### Entries supplied

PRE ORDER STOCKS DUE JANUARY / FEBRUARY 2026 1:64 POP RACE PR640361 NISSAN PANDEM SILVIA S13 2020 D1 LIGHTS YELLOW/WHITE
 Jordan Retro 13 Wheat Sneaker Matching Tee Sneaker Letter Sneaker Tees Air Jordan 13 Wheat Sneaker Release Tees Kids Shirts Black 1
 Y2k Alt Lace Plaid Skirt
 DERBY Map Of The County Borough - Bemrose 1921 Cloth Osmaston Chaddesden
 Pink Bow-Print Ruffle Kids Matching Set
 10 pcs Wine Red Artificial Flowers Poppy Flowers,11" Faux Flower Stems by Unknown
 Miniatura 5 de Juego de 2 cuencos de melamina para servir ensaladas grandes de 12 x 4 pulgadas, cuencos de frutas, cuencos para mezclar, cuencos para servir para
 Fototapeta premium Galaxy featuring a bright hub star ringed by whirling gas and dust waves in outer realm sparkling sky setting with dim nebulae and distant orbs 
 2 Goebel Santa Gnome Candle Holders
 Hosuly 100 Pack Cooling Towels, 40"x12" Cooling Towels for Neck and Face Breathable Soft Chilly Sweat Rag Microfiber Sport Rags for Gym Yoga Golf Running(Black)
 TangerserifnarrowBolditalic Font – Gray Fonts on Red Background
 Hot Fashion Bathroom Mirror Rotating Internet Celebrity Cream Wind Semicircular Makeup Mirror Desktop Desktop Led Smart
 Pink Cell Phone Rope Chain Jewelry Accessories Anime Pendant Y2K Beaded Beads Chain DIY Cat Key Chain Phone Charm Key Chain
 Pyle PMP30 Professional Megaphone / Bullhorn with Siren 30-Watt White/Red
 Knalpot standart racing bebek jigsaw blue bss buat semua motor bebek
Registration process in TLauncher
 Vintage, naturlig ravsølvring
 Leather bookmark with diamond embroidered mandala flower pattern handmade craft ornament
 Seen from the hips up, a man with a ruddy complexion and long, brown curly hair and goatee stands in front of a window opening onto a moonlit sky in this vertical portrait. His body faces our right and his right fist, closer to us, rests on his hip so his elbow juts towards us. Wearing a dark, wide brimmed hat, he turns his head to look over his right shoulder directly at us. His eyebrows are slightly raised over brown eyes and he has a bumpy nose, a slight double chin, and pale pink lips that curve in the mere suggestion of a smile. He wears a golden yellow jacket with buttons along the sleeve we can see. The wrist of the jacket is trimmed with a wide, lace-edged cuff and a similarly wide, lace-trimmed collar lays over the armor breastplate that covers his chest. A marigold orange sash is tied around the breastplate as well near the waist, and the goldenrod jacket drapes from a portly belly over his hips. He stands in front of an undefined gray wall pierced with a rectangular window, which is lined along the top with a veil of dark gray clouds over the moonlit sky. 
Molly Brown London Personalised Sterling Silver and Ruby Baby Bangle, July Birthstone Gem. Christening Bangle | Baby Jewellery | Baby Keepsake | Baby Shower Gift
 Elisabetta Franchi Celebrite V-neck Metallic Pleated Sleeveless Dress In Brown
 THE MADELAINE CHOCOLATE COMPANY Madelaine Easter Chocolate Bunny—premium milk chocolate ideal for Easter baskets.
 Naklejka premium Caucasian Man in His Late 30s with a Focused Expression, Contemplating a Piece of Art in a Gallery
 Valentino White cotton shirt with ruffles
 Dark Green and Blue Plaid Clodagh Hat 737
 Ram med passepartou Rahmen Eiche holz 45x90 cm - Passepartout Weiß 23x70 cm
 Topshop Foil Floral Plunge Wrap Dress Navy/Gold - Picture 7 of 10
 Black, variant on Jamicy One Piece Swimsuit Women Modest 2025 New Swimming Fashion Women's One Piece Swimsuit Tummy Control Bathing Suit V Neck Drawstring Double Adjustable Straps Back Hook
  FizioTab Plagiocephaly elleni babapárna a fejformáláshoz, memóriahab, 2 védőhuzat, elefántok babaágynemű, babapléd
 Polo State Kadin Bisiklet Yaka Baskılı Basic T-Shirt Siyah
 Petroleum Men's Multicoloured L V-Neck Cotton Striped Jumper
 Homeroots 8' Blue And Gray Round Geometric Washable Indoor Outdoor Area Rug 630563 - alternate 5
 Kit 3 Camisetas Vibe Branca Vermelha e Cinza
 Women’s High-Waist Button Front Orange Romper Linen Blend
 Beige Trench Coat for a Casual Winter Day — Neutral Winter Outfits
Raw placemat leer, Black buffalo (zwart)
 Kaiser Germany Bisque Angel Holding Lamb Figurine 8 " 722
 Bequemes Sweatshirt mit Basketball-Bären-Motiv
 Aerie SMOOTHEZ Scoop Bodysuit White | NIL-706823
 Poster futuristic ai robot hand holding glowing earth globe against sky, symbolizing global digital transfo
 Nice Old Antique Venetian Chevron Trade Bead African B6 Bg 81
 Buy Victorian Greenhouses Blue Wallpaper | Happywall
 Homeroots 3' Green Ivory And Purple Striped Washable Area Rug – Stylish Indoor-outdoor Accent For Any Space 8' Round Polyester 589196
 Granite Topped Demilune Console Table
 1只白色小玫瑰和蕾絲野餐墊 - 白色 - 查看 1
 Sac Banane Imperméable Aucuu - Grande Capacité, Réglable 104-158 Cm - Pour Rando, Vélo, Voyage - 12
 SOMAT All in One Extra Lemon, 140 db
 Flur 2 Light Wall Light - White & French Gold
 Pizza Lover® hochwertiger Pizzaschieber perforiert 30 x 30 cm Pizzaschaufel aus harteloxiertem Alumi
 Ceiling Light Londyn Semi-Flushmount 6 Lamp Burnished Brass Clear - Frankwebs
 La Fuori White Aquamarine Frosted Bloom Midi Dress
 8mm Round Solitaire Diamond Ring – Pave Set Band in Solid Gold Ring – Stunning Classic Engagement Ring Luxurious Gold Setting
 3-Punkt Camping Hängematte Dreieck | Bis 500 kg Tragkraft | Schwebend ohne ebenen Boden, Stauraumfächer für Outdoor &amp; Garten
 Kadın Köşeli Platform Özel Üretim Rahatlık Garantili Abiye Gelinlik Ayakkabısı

######

▶ **Directions for this task**: Copy the records above exactly, from the first line through the line containing "Pink Cell Phone", and include nothing else.

▶ **Solution to this problem**:
PRE ORDER STOCKS DUE JANUARY / FEBRUARY 2026 1:64 POP RACE PR640361 NISSAN PANDEM SILVIA S13 2020 D1 LIGHTS YELLOW/WHITE
 Jordan Retro 13 Wheat Sneaker Matching Tee Sneaker Letter Sneaker Tees Air Jordan 13 Wheat Sneaker Release Tees Kids Shirts Black 1
 Y2k Alt Lace Plaid Skirt
 DERBY Map Of The County Borough - Bemrose 1921 Cloth Osmaston Chaddesden
 Pink Bow-Print Ruffle Kids Matching Set
 10 pcs Wine Red Artificial Flowers Poppy Flowers,11" Faux Flower Stems by Unknown
 Miniatura 5 de Juego de 2 cuencos de melamina para servir ensaladas grandes de 12 x 4 pulgadas, cuencos de frutas, cuencos para mezclar, cuencos para servir para
 Fototapeta premium Galaxy featuring a bright hub star ringed by whirling gas and dust waves in outer realm sparkling sky setting with dim nebulae and distant orbs 
 2 Goebel Santa Gnome Candle Holders
 Hosuly 100 Pack Cooling Towels, 40"x12" Cooling Towels for Neck and Face Breathable Soft Chilly Sweat Rag Microfiber Sport Rags for Gym Yoga Golf Running(Black)
 TangerserifnarrowBolditalic Font – Gray Fonts on Red Background
 Hot Fashion Bathroom Mirror Rotating Internet Celebrity Cream Wind Semicircular Makeup Mirror Desktop Desktop Led Smart
 Pink Cell Phone Rope Chain Jewelry Accessories Anime Pendant Y2K Beaded Beads Chain DIY Cat Key Chain Phone Charm Key Chain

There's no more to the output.